THE FOURTH QUARTER brought a dismal end to a jarring year for investors. Despite the global economy remaining in reasonable health, fear decisively trumped optimism across markets, leading to record outflows from active global equity funds in December. The result was the worst year since 2008, with all major equity markets around the globe losing money in dollar terms. The MSCI All Country World Index ended 9.4% down and the FTSE/ JSE All Share Index declined by 21% in dollar terms and 8.5% in rand terms, while the shareholder-weighted index declined by 12% in rand. As your fund manager, we did not enhance the poor outcomes produced by the markets, with most of our flagship funds ending the year somewhat behind benchmark. While our long-term track record remains intact, the performance produced by our equity and multi-asset funds over the short to medium term have not met our own expectations.
During the tough times, our job is to remain resolutely focused on allocating the capital you have entrusted to our oversight to the best of our ability. This requires our investment team to find the right balance between remaining disciplined and committed in positions where market prices have declined but the long-term investment theses remain intact, and the humility and pragmatism to exit where we conclude that we have made a mistake. We share more insight into the current investment cycle in CIO Karl Leinberger’s reflections on a tough year.
The better news is that long-term return prospects have improved. Valuations take a back seat at times that emotions drive markets, but in every single prior cycle, the fundamentals have eventually reasserted their influence on asset prices. We know from your feedback that the average return expectation among our clients with long-term horizons is 12% per annum. While our largest fund, Coronation Balanced Plus, returned only 4.9% per annum over the past five years, it delivered a return in excess of 12% per annum in three out of every four rolling five-year periods since its launch nearly 23 years ago (its 76% success rate compares to the 57% achieved by its peer group average over the same period). Achieving this return target over the next five years is much more probable given current valuation levels, which is the most attractive that we have seen in a decade.
In this edition, we cover some of the themes that will shape outcomes in the year ahead. Economist Marie Antelme sets out our thoughts on the prospects for the global and local economies, highlighting that despite the inevitable risks, there is some macro support for the view that assets, including in emerging markets such as South Africa, may have become oversold in 2018. With an erratic US president, an increasingly chaotic Brexit and a local election coming up, political risk remains one of the big concerns.
Portfolio manager Suhail Suleman reports on political developments in Latin America, where two rather different leaders were recently elected in Mexico and Brazil, the region’s two biggest economies.

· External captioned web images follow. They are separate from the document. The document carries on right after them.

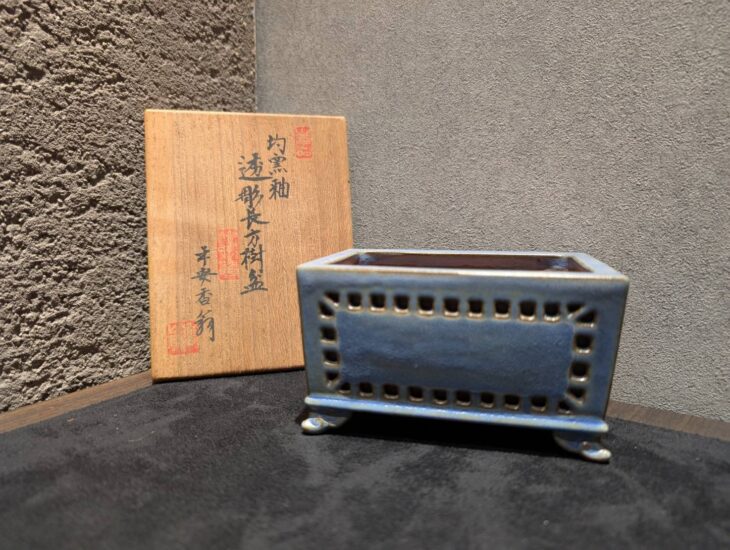 平安香翁 『均窯釉 透彫長方樹盆』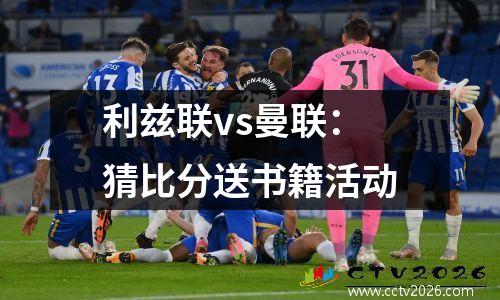 利兹联vs曼联：猜比分送书籍活动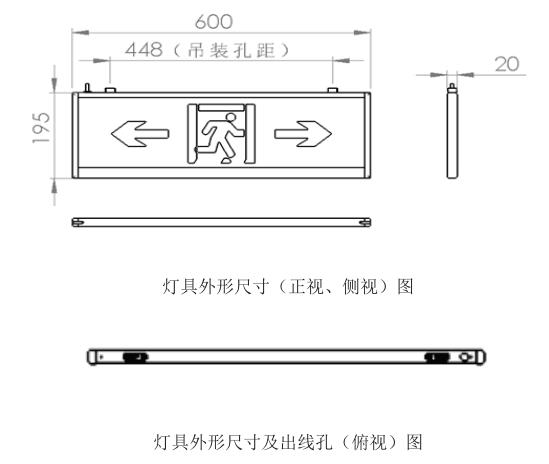 外形示意图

We also show how political uncertainty can create opportunity in Nic Stein’s article on Quilter, which is well positioned to benefit from structural changes in the UK’s pension and savings market while being priced undemandingly because of Brexit fears.
Another component of our role as stewards of your capital is to provide leadership to the companies we invest in with regards to governance, environmental and social issues. Portfolio manager Pallavi Ambekar gives a review of our approach to this increasingly scrutinised area and gives some examples of successful past interventions that helped to ensure that shareholders’ agents, in the form of boards of directors, management teams and auditors, act in the best interests of their stakeholders. In our personal financial planning feature, we explain why 5, 15 and 75 are the numbers that drive retirement.